_TASK INPUT:_
----

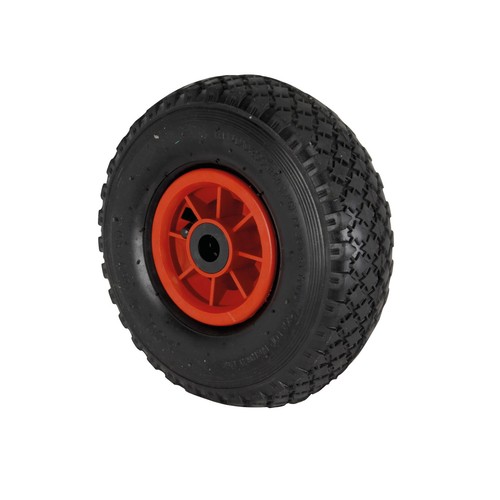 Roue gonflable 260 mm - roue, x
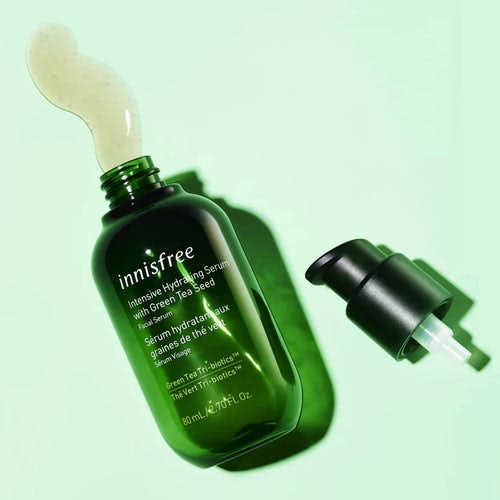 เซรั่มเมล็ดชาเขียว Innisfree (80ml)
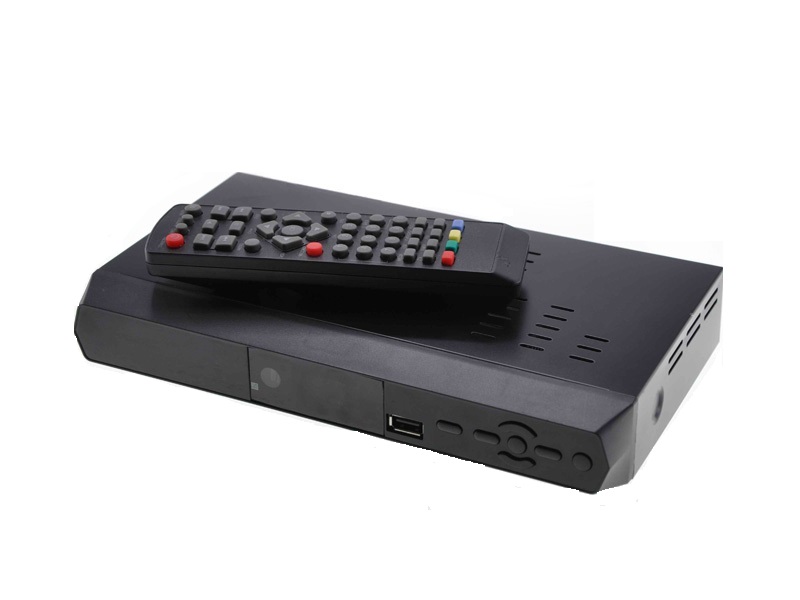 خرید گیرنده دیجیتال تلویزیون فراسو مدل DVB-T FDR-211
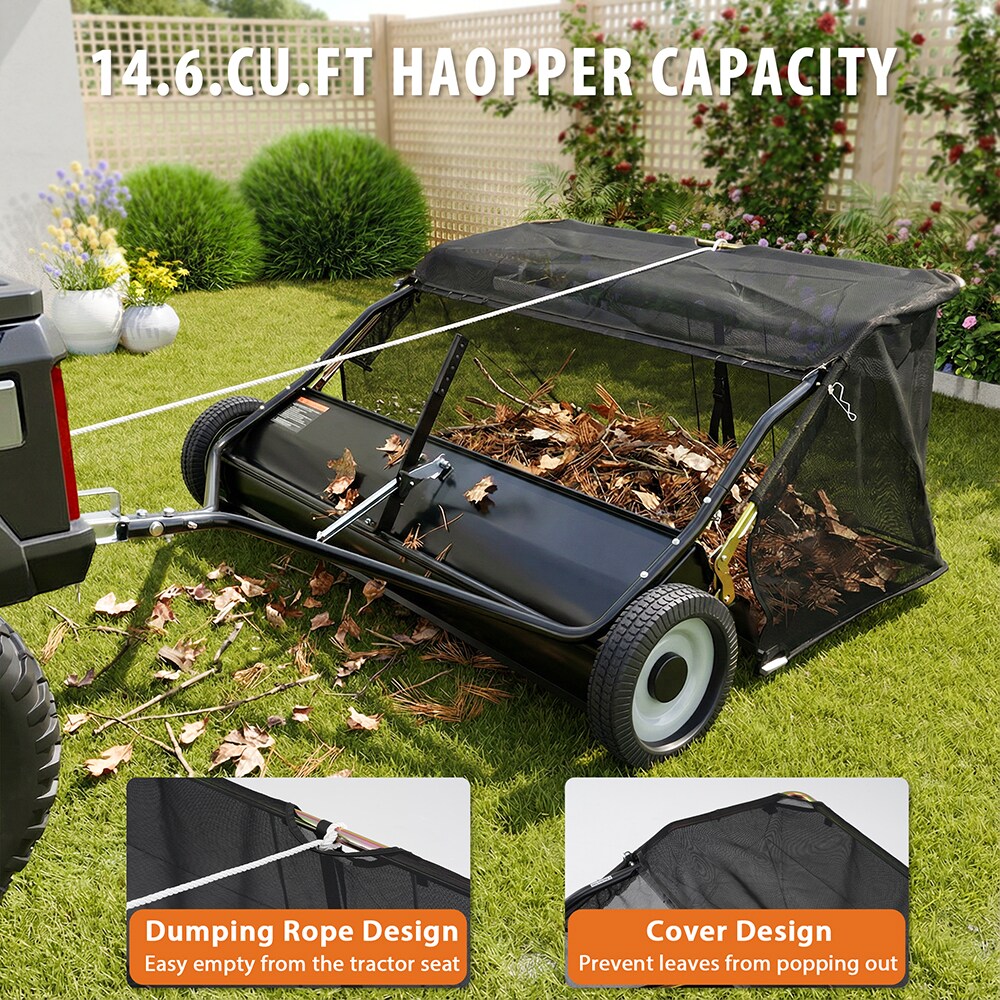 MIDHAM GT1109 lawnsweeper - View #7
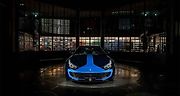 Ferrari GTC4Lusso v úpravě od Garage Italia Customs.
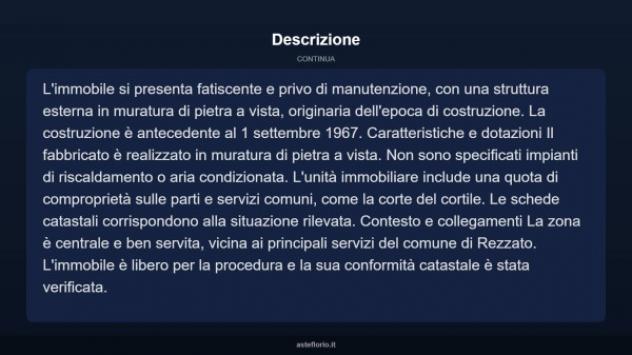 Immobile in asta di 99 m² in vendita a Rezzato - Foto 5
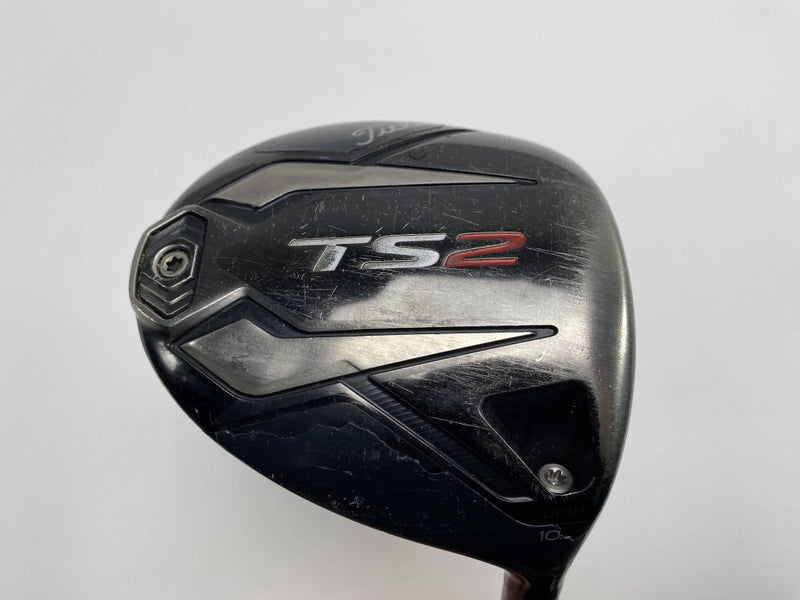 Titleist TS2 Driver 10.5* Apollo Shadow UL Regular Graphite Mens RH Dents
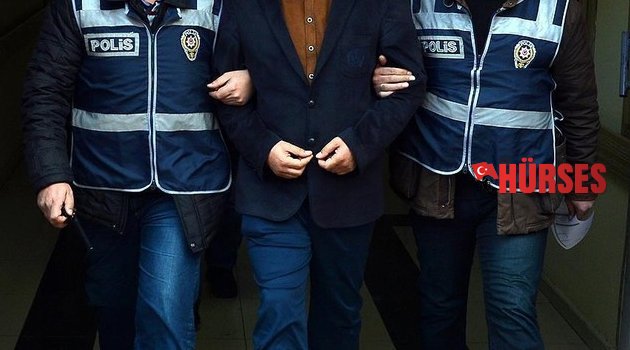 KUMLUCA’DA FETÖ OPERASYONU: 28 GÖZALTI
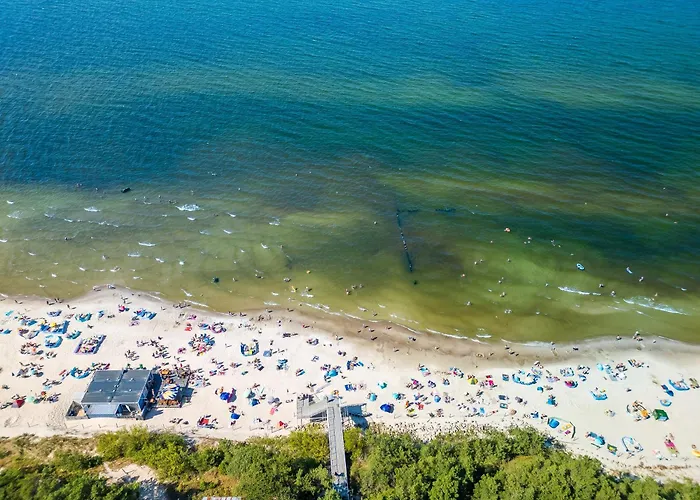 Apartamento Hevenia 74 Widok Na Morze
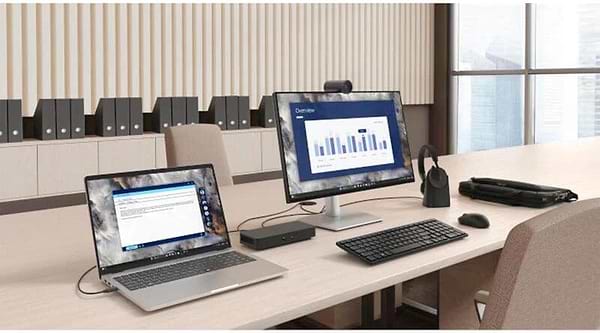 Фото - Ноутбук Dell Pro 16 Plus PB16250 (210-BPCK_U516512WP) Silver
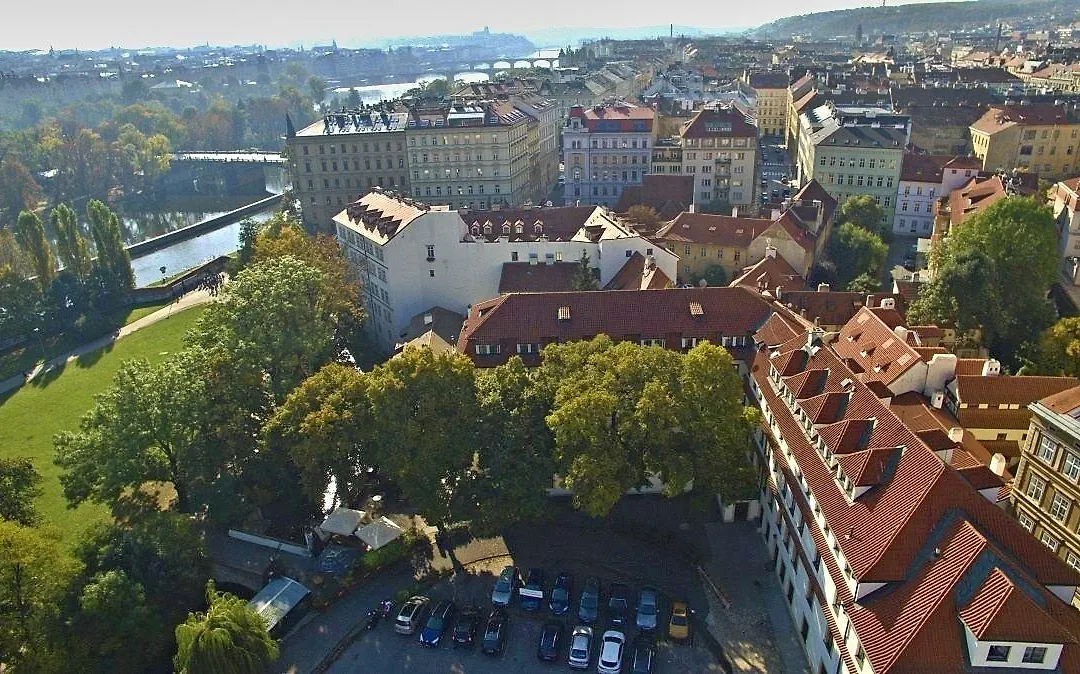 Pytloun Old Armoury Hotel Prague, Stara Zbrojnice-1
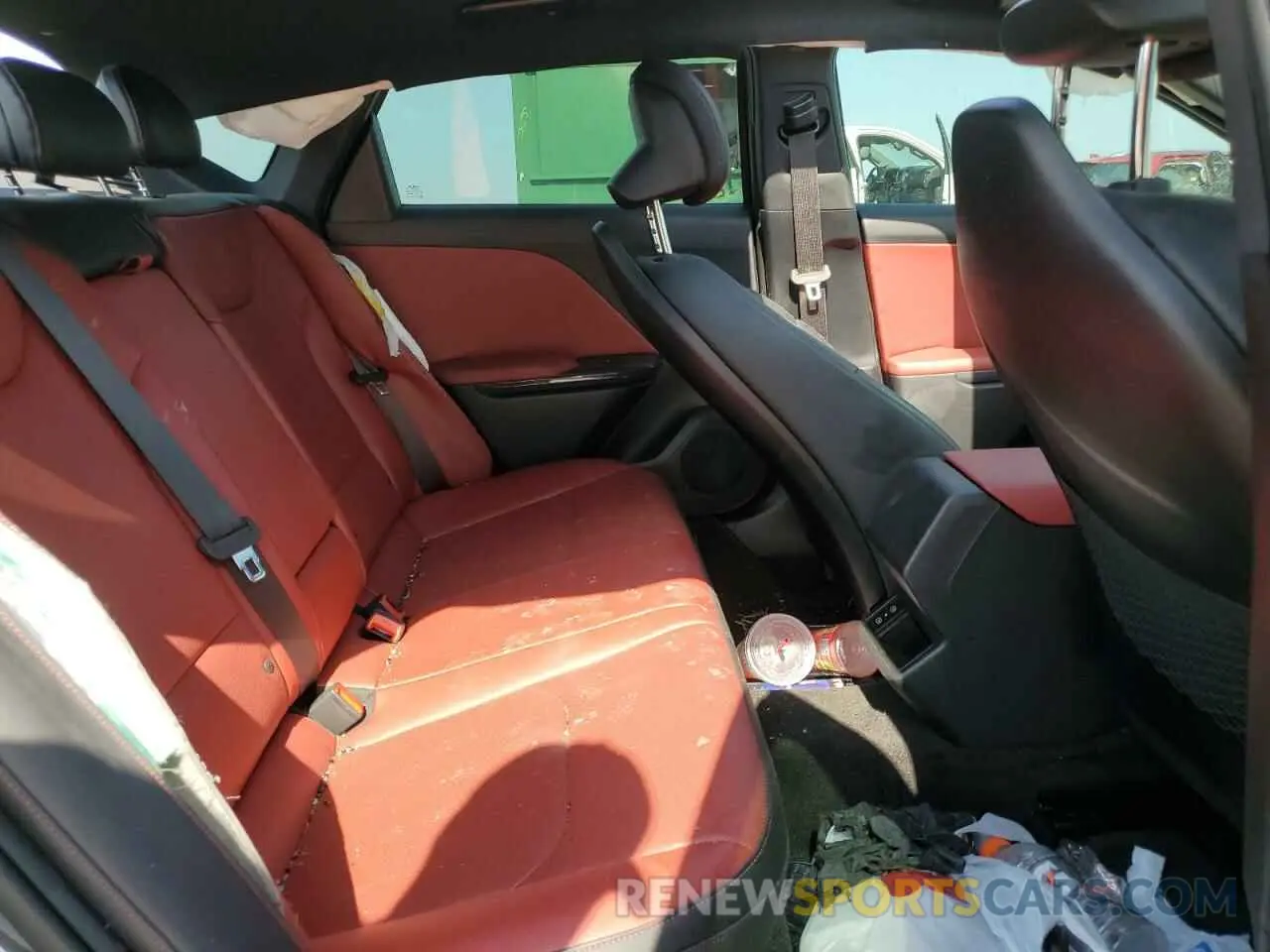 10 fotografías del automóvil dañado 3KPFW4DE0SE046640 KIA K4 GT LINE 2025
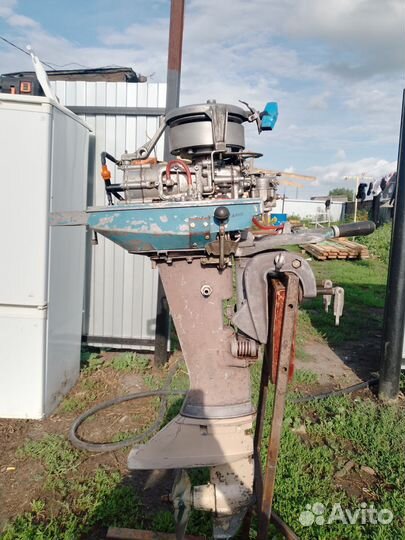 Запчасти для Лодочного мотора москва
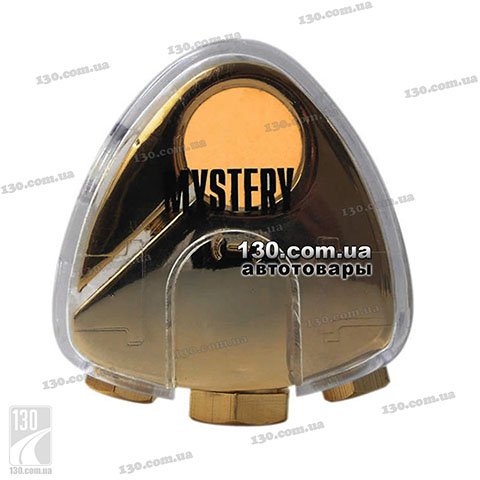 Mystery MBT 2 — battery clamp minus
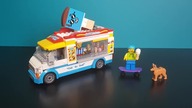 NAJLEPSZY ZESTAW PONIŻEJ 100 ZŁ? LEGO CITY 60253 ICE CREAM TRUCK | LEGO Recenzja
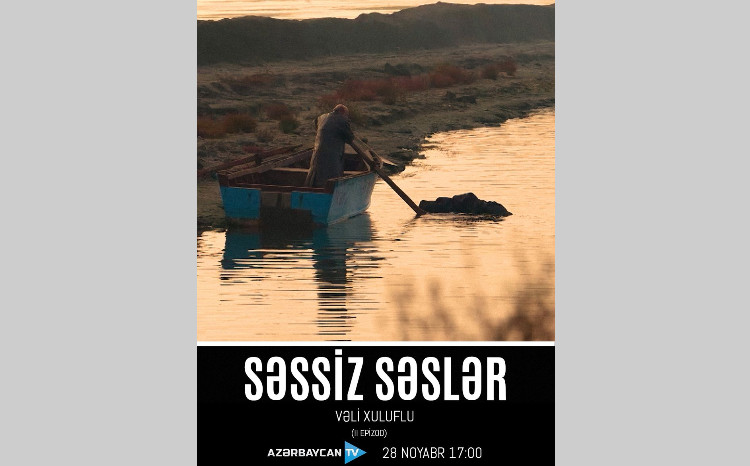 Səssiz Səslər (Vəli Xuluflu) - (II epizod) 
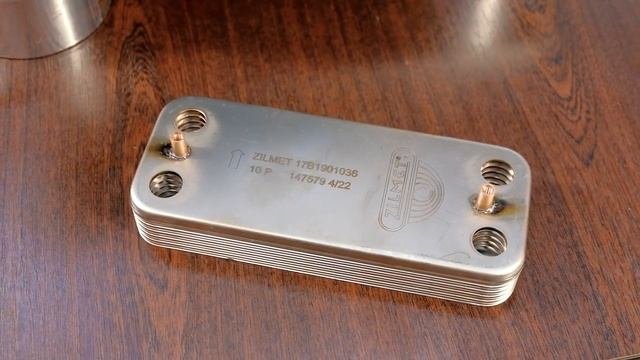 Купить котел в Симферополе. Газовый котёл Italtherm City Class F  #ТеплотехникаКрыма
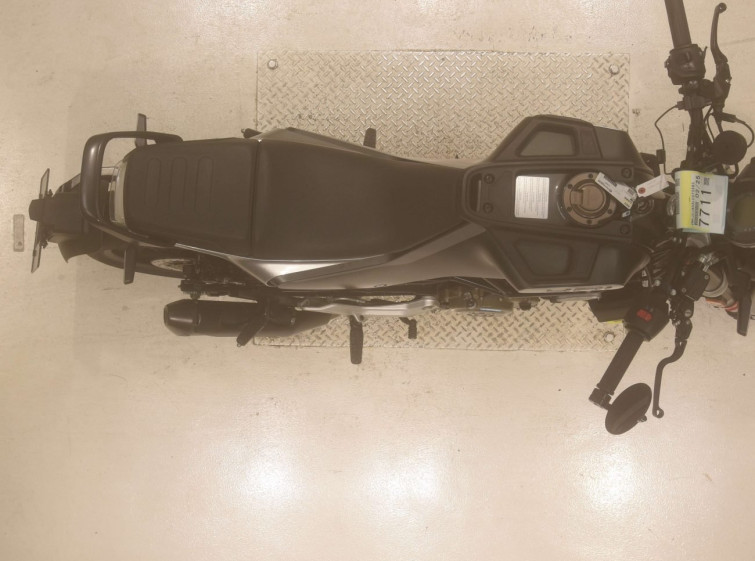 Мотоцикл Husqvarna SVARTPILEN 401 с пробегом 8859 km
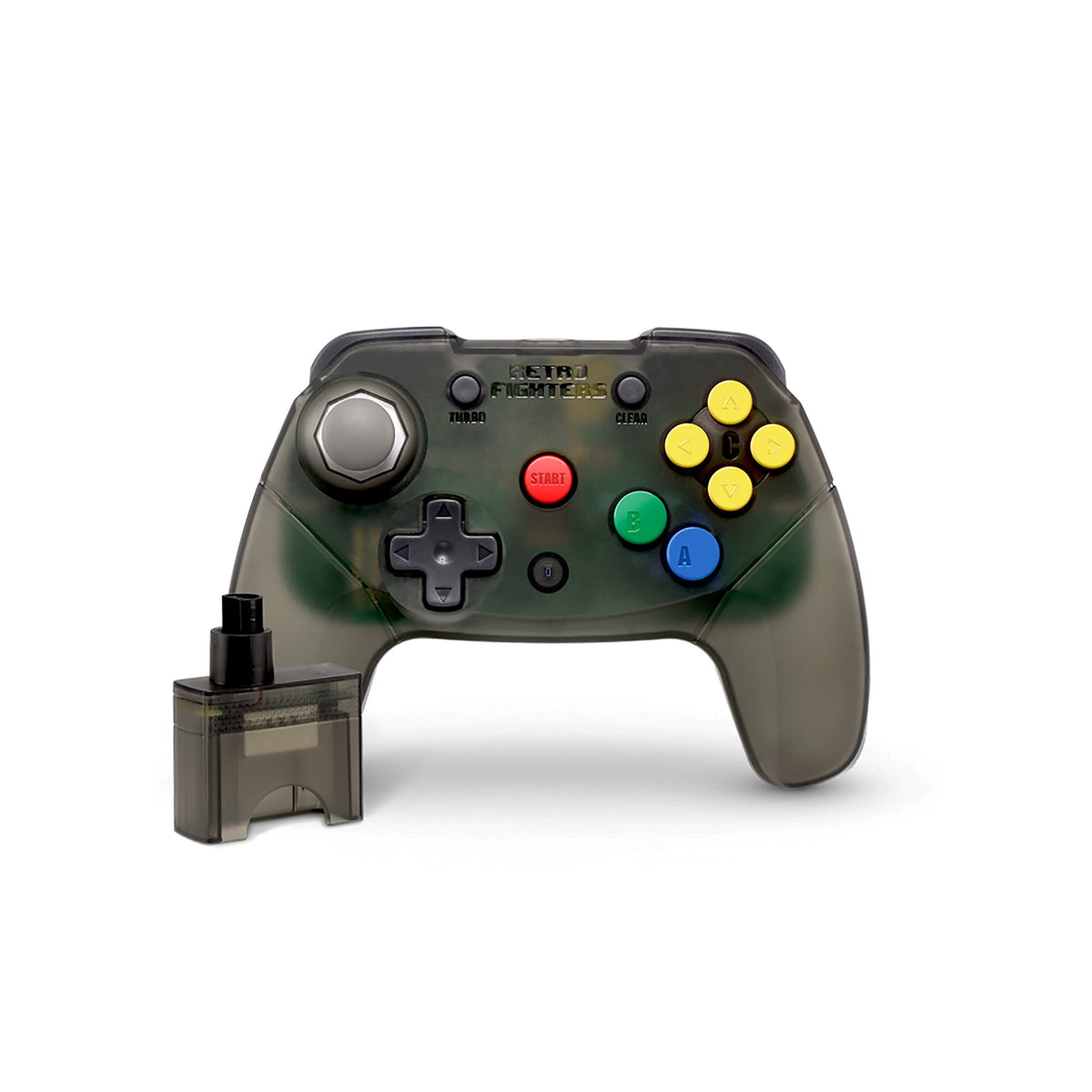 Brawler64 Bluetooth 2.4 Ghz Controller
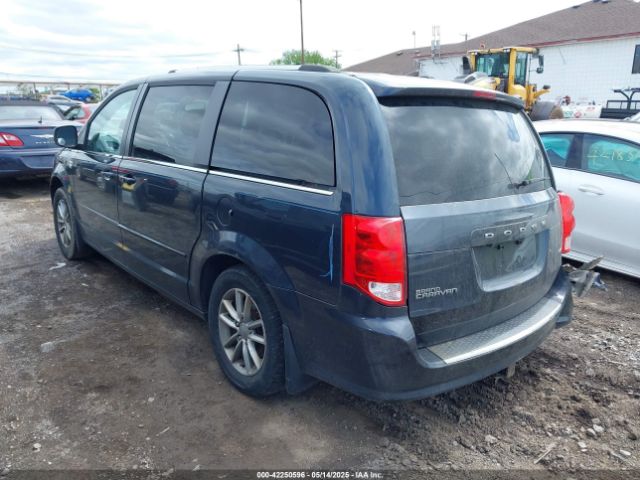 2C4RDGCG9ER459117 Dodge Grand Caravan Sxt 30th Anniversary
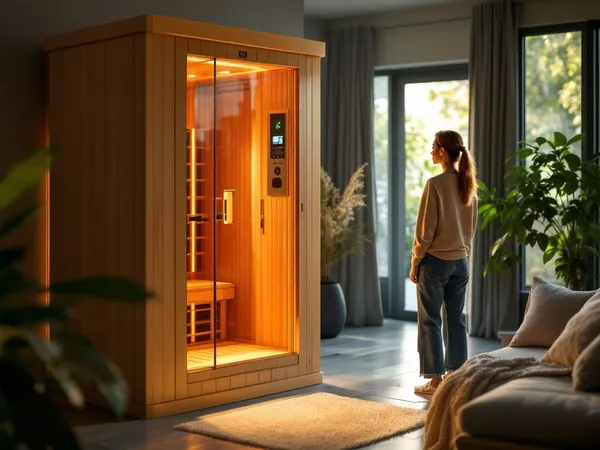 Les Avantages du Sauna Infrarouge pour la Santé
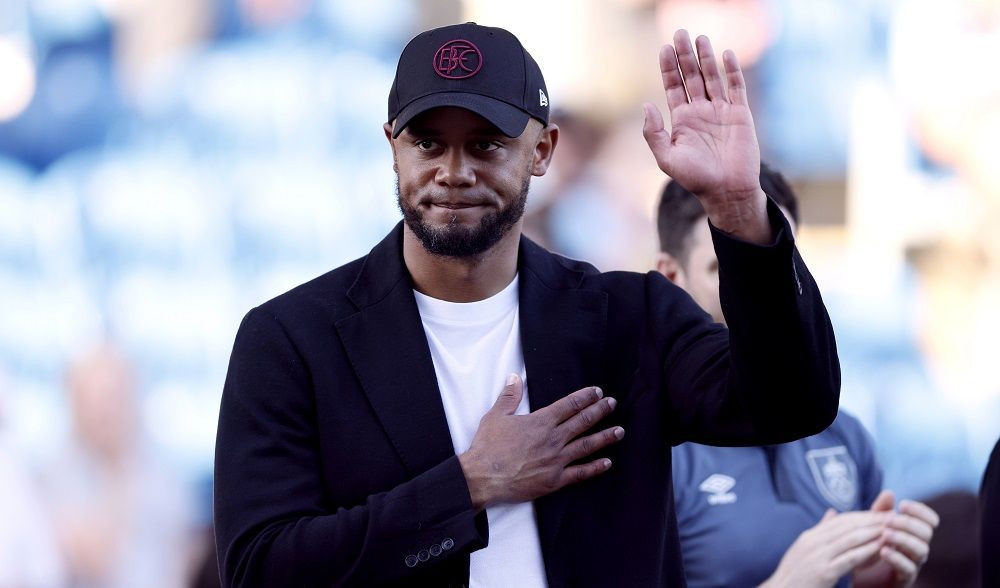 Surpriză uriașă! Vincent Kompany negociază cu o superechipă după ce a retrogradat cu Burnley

----

_EXERCISE OBJECTIVE:_ Leave out all pictures and output each line exactly, from the top of the records through the line that holds "Immobile in asta".

_EXERCISE ANSWER:_
 Roue gonflable 260 mm - roue, x
 เซรั่มเมล็ดชาเขียว Innisfree (80ml)
 خرید گیرنده دیجیتال تلویزیون فراسو مدل DVB-T FDR-211
 MIDHAM GT1109 lawnsweeper - View #7
 Ferrari GTC4Lusso v úpravě od Garage Italia Customs.
 Immobile in asta di 99 m² in vendita a Rezzato - Foto 5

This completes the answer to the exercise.